张少祖说这些的时候没妨碍他腰部发力,蓝信一被他插得好爽又听得好想笑,于是一边叫一边在那里喉咙一抽一抽地进气,张少祖干着干着突然不动了:“鬼上身了?”
蓝信一:“对对···哦哦不对不对···你现在已经是人了···”
“该打。”张少祖虽然也被他这话逗得分心了一瞬间,但他出于一个不容置疑的s的床上大男子主义却发作了——怎么能让这张床上的欢声笑语从别人口中带来?他干脆直接切入正题,直起腰,找到一个更好发力的姿势,顶着蓝信一的敏感点就开始狂操。
蓝信一这回笑不出来了。本来就很久没被弄过的穴此时被张少祖一通挞伐,不出一分钟就爽得有点过头,他的笑泪也逐渐转化为一种生理性眼泪:“啊啊啊不不不···我们就不能温情一点吗···第一次诶···我都这么久没做爱了跟处男又有什么区别···爸爸···”

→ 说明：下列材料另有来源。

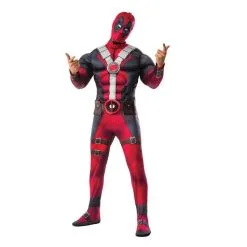 Jourdefete Déguisement De Luxe De Deadpool 2™ Pour Homme - Taille Au Choix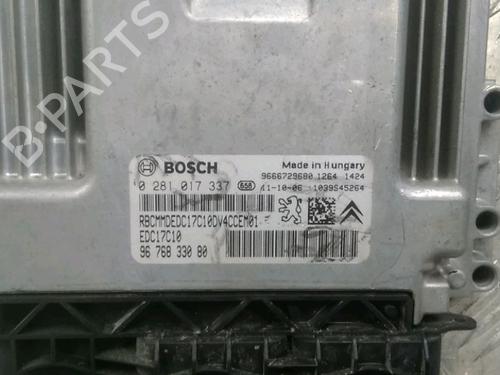 Engine control unit (ECU) CITROËN C3 II (SC_) 1.4 HDi 70 (SC8HZC, SC8HR0, SC8HP4) | BP13749897M57 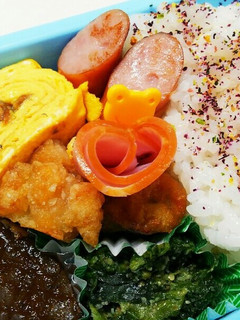 玉子焼きにさんま缶♪-レシピのメイン写真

“处男大补。”张少祖面无表情,扇了他胸乳一把:“还犟嘴。”
这回蓝信一不敢说话了,只能投入张少祖带给他的节律中颠簸。二人虽然许久没有身体交缠,但毕竟曾经是最了解彼此的存在,无比契合。蓝信一很快就从这种纯粹的抽插中感受到高潮的前奏,松开手:“我想高潮了···”
“daddy允许了吗?”张少祖于是俯下身体,用最原始的传教士抱着蓝信一,他埋在蓝信一颈窝,蓝信一也埋在他颈窝,宛如交颈鸳鸯、雕梁画栋的榫卯。蓝信一咬他:“我看看你到底是人是鬼···”
“射进去你就知道了。”张少祖感觉蓝信一阴茎在抽动,自己也有点想射了,于是加快顶撞的速度,一只手伸到二人身体中间,用粗暴的力气把住蓝信一阴茎开始撸。蓝信一最受不了这个,张少祖在心中默数七秒,蓝信一立刻:“啊啊啊啊我要射了···”
“射吧宝贝,射到我身上。”张少祖也在蓝信一射精的一瞬间释放,温热精液全都灌进他穴里,证明自己的真实存在性:“感受到我了吗?是不是活人?”
蓝信一神志不清,因为张少祖射了之后还没软,还在他身体里动了动。而他刚刚高潮,已经完全承受不住这些:“抽出去,我知道了、我知道了····”
“不要。”张少祖看着蓝信一长长的头发乱七八糟糊在脸侧,又怜爱,又有一点愤怒和毁灭欲——香港是没有其他任何一个可以上得了台面的Tony了吗?!他干脆把蓝信一翻过去:“长夜漫漫,人鬼情未了,再来一次。”
蓝信一的求饶声被彻底淹没在月影中,偌大客厅,除了一张病床其他什么都被蓝信一搬走重置了,所以观感上蓝信一才是那个勾引鬼的人,把全家最风水宝地的阴阳眼布置成淫窝。但这些都不重要了,反正人鬼情未了的故事已经结束了,今夜过后,剧本里应该删掉标题的前两个字。